== EXERCISE ==
Could you print the entries below exactly, starting at the line that contains "Albert La Spada" and stopping after the last one?

────────────────────

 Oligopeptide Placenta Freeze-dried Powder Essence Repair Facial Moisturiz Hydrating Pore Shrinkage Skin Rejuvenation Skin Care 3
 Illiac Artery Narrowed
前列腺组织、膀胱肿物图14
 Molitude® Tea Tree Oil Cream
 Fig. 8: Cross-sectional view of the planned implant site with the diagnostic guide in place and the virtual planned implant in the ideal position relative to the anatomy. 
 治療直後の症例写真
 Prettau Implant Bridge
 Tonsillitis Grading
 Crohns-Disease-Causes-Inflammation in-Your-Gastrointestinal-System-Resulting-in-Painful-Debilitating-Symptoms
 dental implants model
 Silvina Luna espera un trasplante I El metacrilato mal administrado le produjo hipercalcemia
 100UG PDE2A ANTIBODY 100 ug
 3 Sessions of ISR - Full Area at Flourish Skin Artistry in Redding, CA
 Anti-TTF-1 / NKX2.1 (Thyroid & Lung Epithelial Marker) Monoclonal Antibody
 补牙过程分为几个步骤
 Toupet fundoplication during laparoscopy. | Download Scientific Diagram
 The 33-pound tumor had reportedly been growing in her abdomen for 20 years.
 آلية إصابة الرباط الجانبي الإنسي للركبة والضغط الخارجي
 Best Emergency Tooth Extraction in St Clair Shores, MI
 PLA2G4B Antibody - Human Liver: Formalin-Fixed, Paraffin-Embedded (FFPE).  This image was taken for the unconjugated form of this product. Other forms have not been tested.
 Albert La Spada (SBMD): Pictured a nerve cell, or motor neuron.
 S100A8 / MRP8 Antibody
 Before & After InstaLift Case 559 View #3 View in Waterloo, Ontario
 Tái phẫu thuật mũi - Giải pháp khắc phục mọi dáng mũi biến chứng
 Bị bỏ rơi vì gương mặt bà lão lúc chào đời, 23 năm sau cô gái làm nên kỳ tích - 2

────────────────────

== TASK SOLUTION ==
 Albert La Spada (SBMD): Pictured a nerve cell, or motor neuron.
 S100A8 / MRP8 Antibody
 Before & After InstaLift Case 559 View #3 View in Waterloo, Ontario
 Tái phẫu thuật mũi - Giải pháp khắc phục mọi dáng mũi biến chứng
 Bị bỏ rơi vì gương mặt bà lão lúc chào đời, 23 năm sau cô gái làm nên kỳ tích - 2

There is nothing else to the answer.